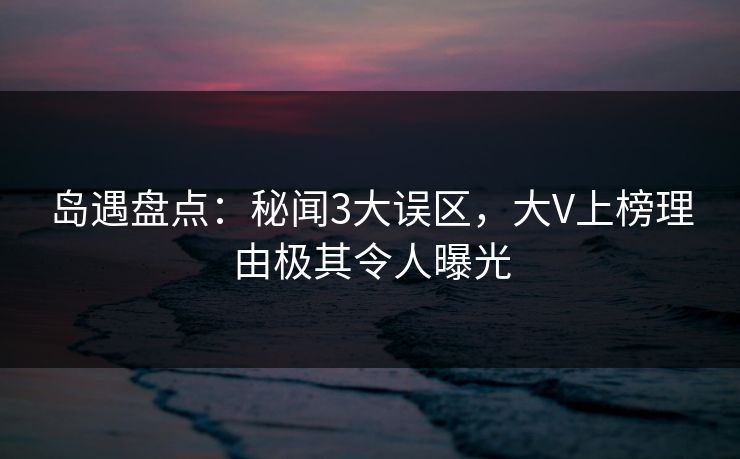 岛遇盘点：秘闻3大误区，大V上榜理由极其令人曝光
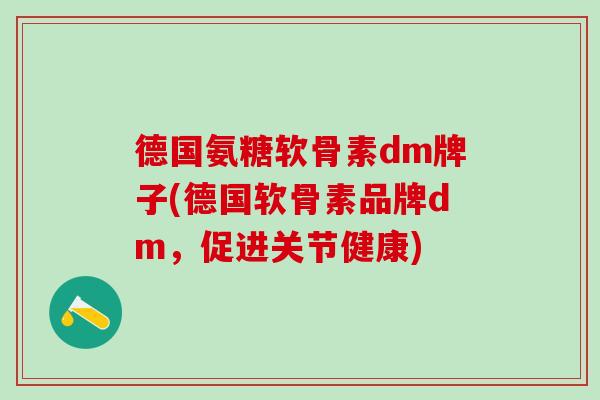 德国氨糖软骨素dm牌子(德国软骨素品牌dm,促进关节健康)-第1张图片-氨糖科普网 德国氨糖软骨素dm牌子(德国软骨素品牌dm,促进关节健康)-第1张图片-氨糖科普网
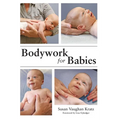Bodywork for Babies - Hardcover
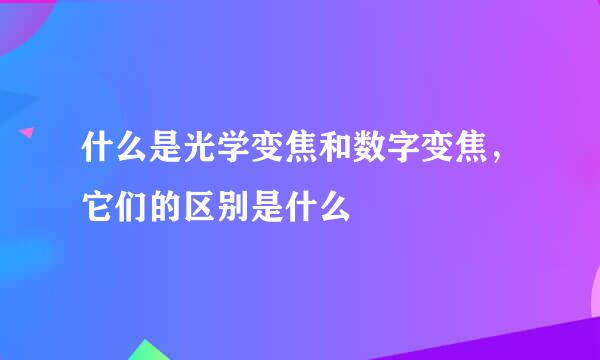 什么是光学变焦和数字变焦，它们的区别是什么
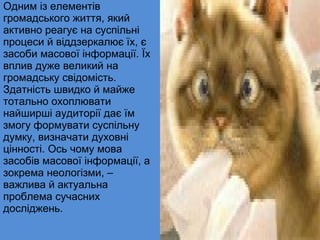 Одним із елементів  громадського життя, який активно реагує на суспільні процеси й віддзеркалює їх, є засоби масової інформації. Їх вплив дуже великий на громадську свідомість. Здатність швидко й майже тотально охоплювати найширші аудиторії дає їм змогу формувати суспільну думку, визначати духовні цінності. Ось чому мова засобів масової інформації, а зокрема неологізми, – важлива й актуальна проблема сучасних досліджень. 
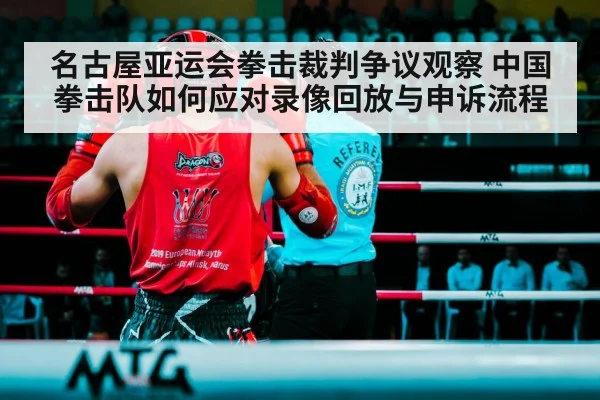 名古屋亚运会拳击裁判争议观察 中国拳击队如何应对录像回放与申诉流程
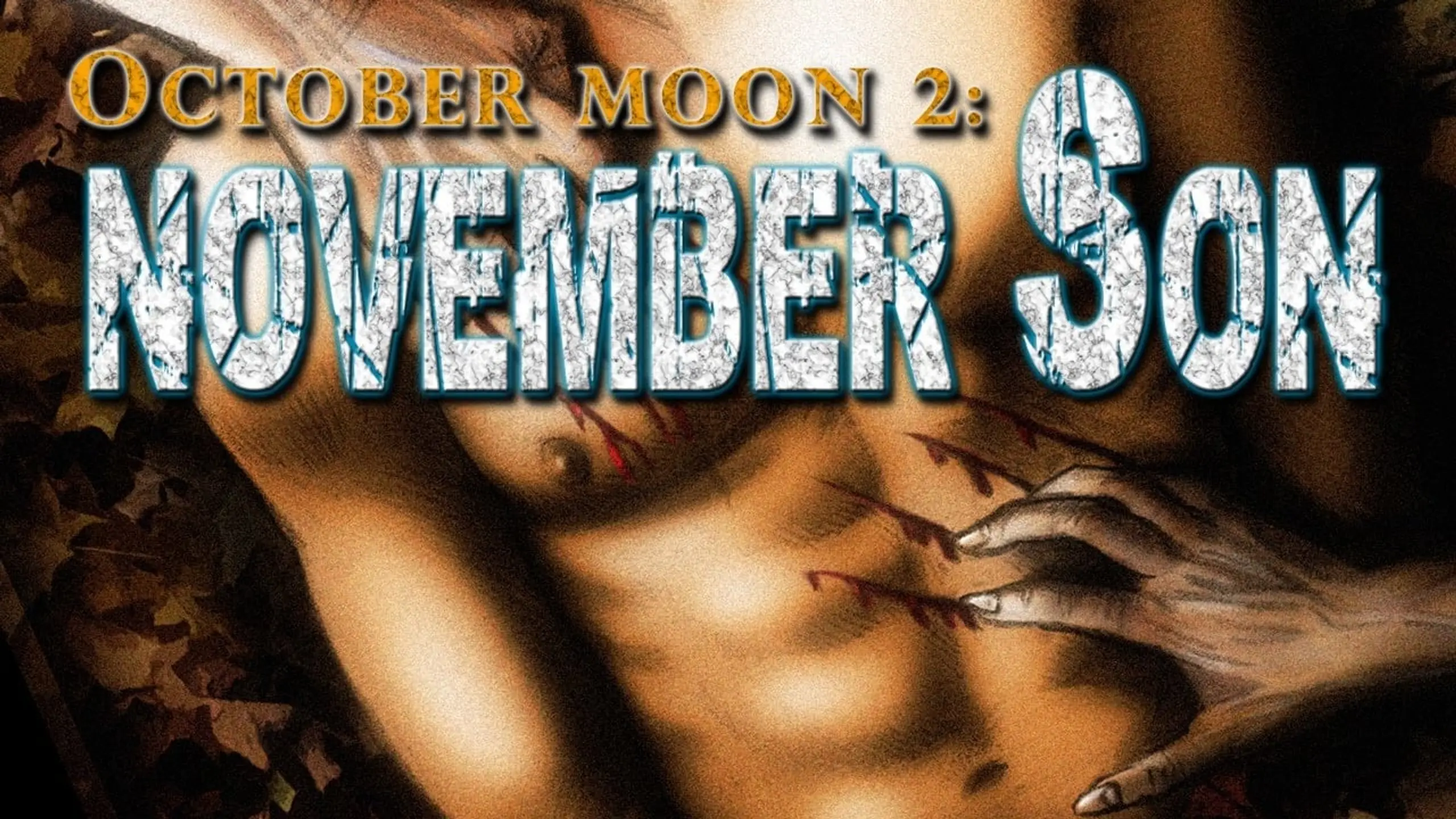 October Moon 2: November Son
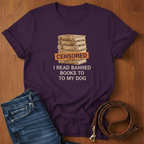 I Read Banned Books To My Dog T-Shirt — close-up — Always My Dog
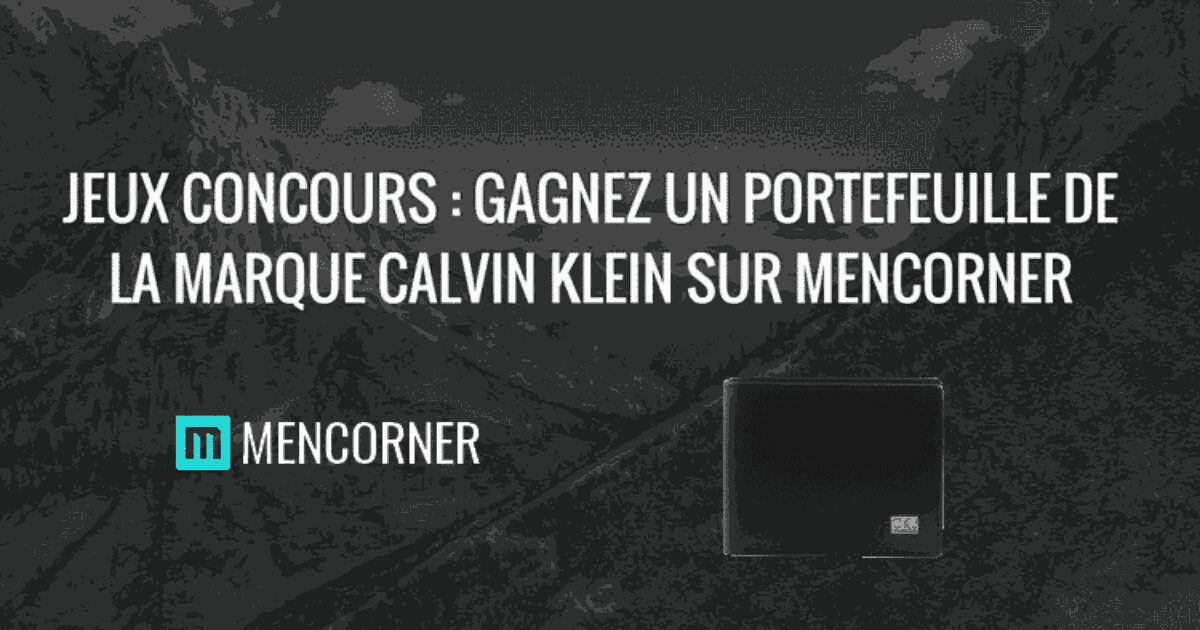 Gagnez un portefeuille Calvin Klein sur Mencorner - UnMec.fr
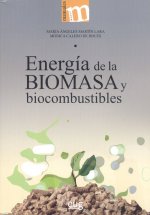 Energía de la biomasa y biocombustibles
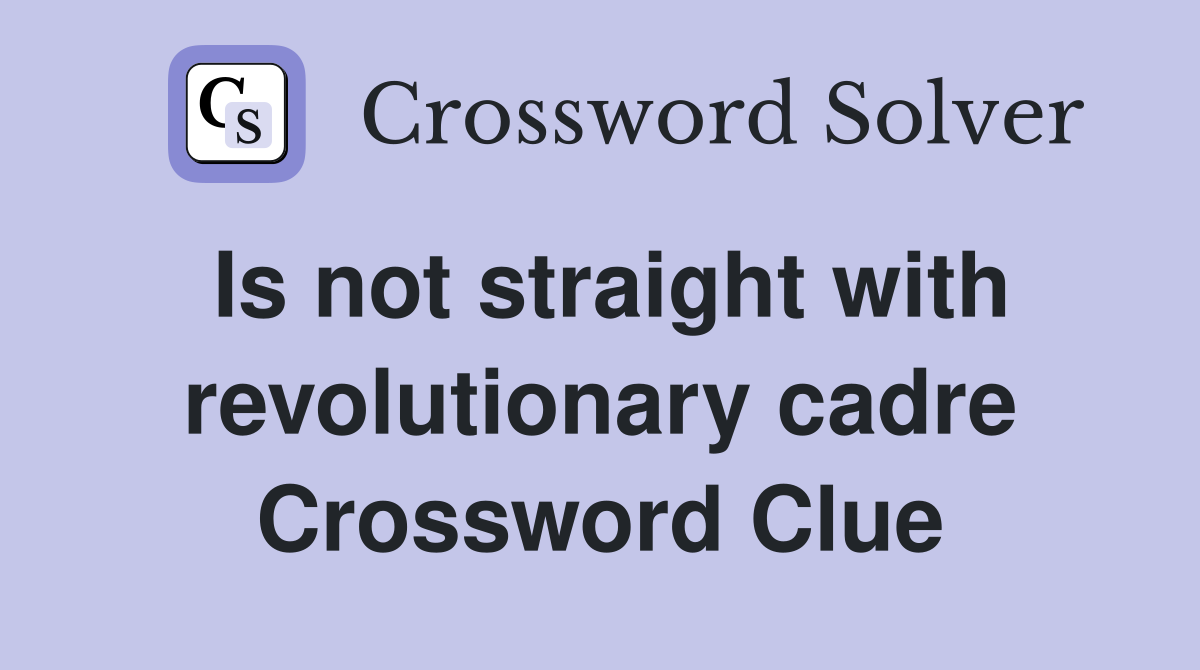 Is not straight with revolutionary cadre Crossword Clue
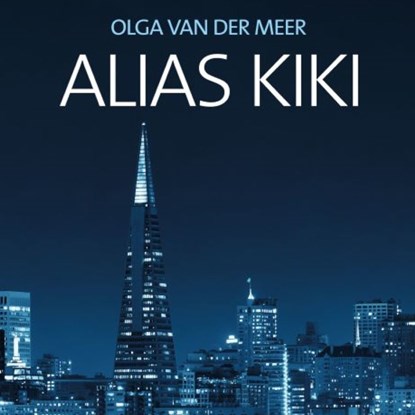 Alias Kiki, Olga van der Meer - Luisterboek MP3 - 9789462172814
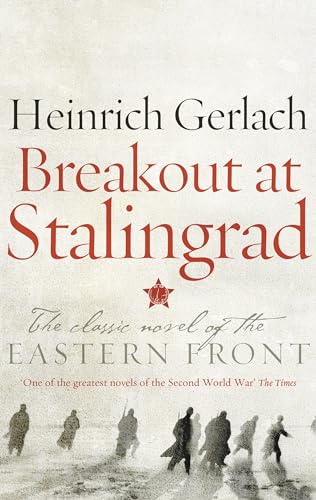 Beispielbild fr Breakout at Stalingrad: The Classic Novel of the Eastern Front zum Verkauf von WorldofBooks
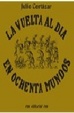 Cover of La vuelta al día en ochenta mundos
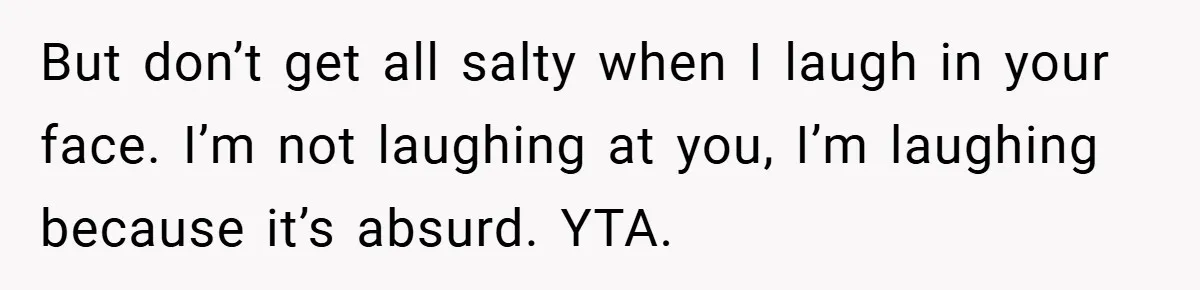 Mom Laughs When Teen Daughter Says She Has PTSD After Flood - Then Wonders Why the Girl Won’t Speak to Her Again But don’t get all salty when I laugh in your face. I’m not laughing at you, I’m laughing because it’s absurd. YTA.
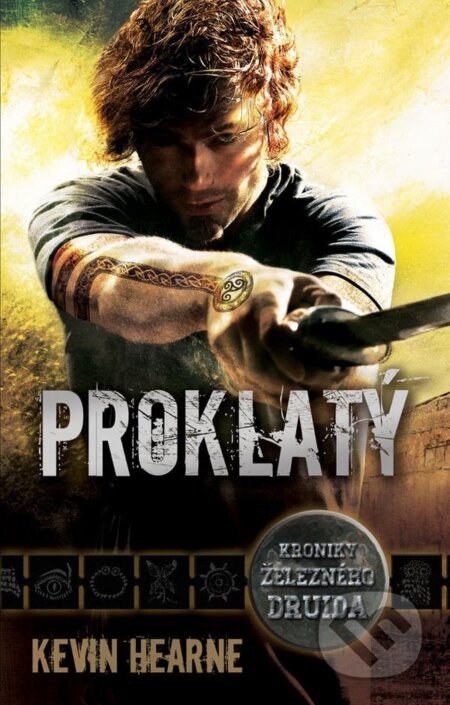 Kniha: Proklatý (Kevin Hearne), 2012 Kniha: Proklatý (Kevin Hearne), 2012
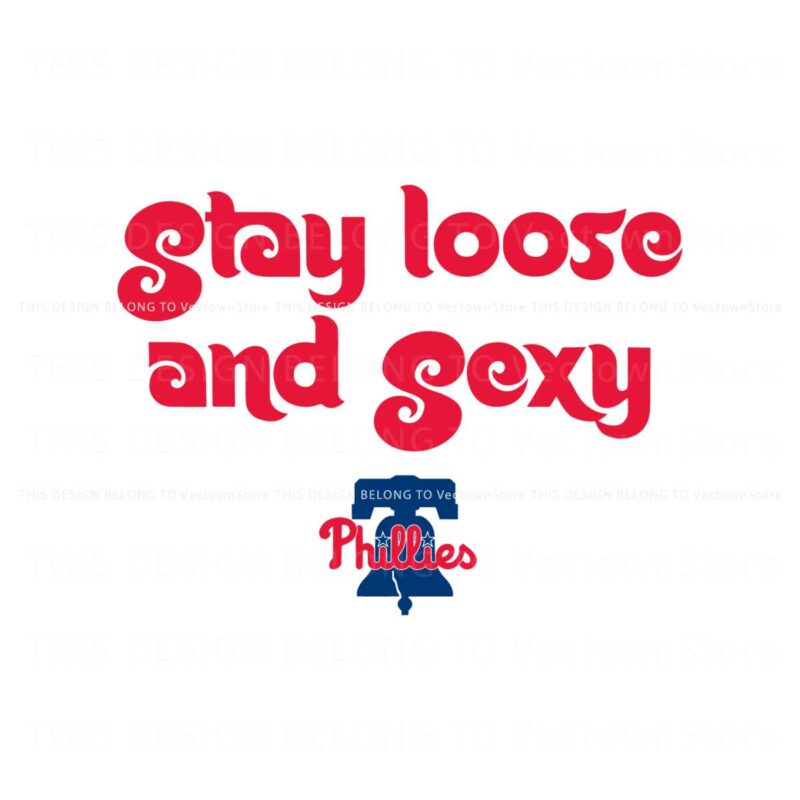 stay-loose-and-sexy-philadelphia-phillies-logo-svg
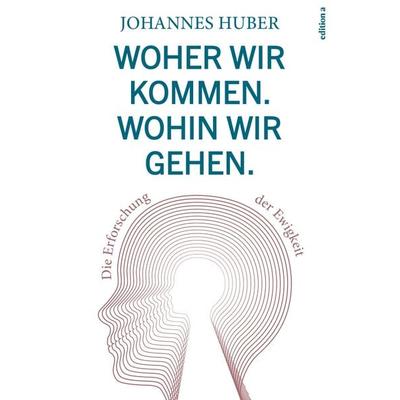Woher wir kommen. Wohin wir gehen., Gebundene Ausgabe von Johannes Huber, Edition a, 978-3-99001-278-9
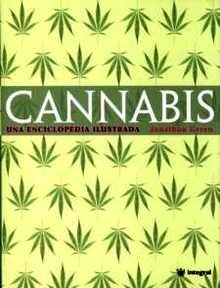 Cannabis "Una Enciclopedia Ilustrada"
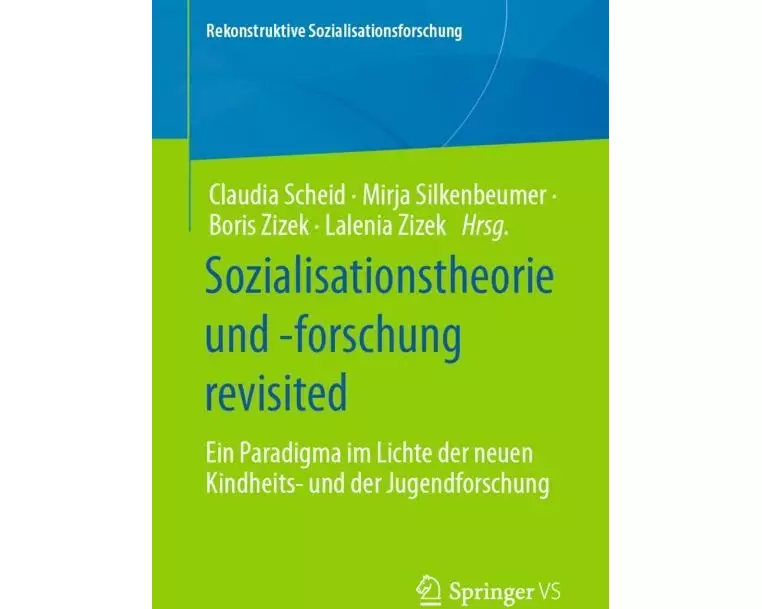 Sozialisationstheorie und -forschung revisited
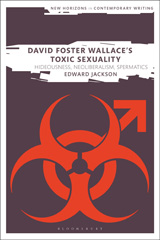 E-book, David Foster Wallace's Toxic Sexuality, Bloomsbury Publishing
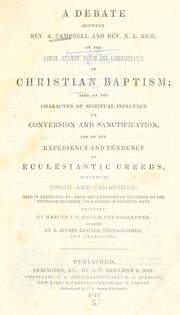 Cover of: A debate between Rev A. Campbell and Rev. N. L. Rice: on the action, subject, design and administrator of Christian baptism; also, on the character of spiritual influence in conversion and sanctification, and on the expediency and tendency of ecclesiastic creeds, as terms of union and communion; held in Lexington, Ky., from the fifteenth of November to the second of December, 1843.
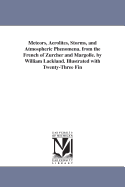 Meteors, Aerolites, Storms, and Atmospheric Phenomena: From the French of Zurcher and Margolle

* TASK DIRECTIONS:
Would it be possible to copy the material exactly, excluding the images?

* WRITTEN RESPONSE:
 岛遇盘点：秘闻3大误区，大V上榜理由极其令人曝光
 德国氨糖软骨素dm牌子(德国软骨素品牌dm,促进关节健康)-第1张图片-氨糖科普网 德国氨糖软骨素dm牌子(德国软骨素品牌dm,促进关节健康)-第1张图片-氨糖科普网
Bodywork for Babies - Hardcover
 什么是光学变焦和数字变焦，它们的区别是什么
 Одним із елементів  громадського життя, який активно реагує на суспільні процеси й віддзеркалює їх, є засоби масової інформації. Їх вплив дуже великий на громадську свідомість. Здатність швидко й майже тотально охоплювати найширші аудиторії дає їм змогу формувати суспільну думку, визначати духовні цінності. Ось чому мова засобів масової інформації, а зокрема неологізми, – важлива й актуальна проблема сучасних досліджень. 
 名古屋亚运会拳击裁判争议观察 中国拳击队如何应对录像回放与申诉流程
 October Moon 2: November Son
 I Read Banned Books To My Dog T-Shirt — close-up — Always My Dog
 Gagnez un portefeuille Calvin Klein sur Mencorner - UnMec.fr
 Energía de la biomasa y biocombustibles
 Is not straight with revolutionary cadre Crossword Clue
 Alias Kiki, Olga van der Meer - Luisterboek MP3 - 9789462172814
 Beispielbild fr Breakout at Stalingrad: The Classic Novel of the Eastern Front zum Verkauf von WorldofBooks
 Cover of La vuelta al día en ochenta mundos
 Mom Laughs When Teen Daughter Says She Has PTSD After Flood - Then Wonders Why the Girl Won’t Speak to Her Again But don’t get all salty when I laugh in your face. I’m not laughing at you, I’m laughing because it’s absurd. YTA.
 Kniha: Proklatý (Kevin Hearne), 2012 Kniha: Proklatý (Kevin Hearne), 2012
 stay-loose-and-sexy-philadelphia-phillies-logo-svg
Woher wir kommen. Wohin wir gehen., Gebundene Ausgabe von Johannes Huber, Edition a, 978-3-99001-278-9
 Cannabis "Una Enciclopedia Ilustrada"
 Sozialisationstheorie und -forschung revisited
 E-book, David Foster Wallace's Toxic Sexuality, Bloomsbury Publishing
 Cover of: A debate between Rev A. Campbell and Rev. N. L. Rice: on the action, subject, design and administrator of Christian baptism; also, on the character of spiritual influence in conversion and sanctification, and on the expediency and tendency of ecclesiastic creeds, as terms of union and communion; held in Lexington, Ky., from the fifteenth of November to the second of December, 1843.
 Meteors, Aerolites, Storms, and Atmospheric Phenomena: From the French of Zurcher and Margolle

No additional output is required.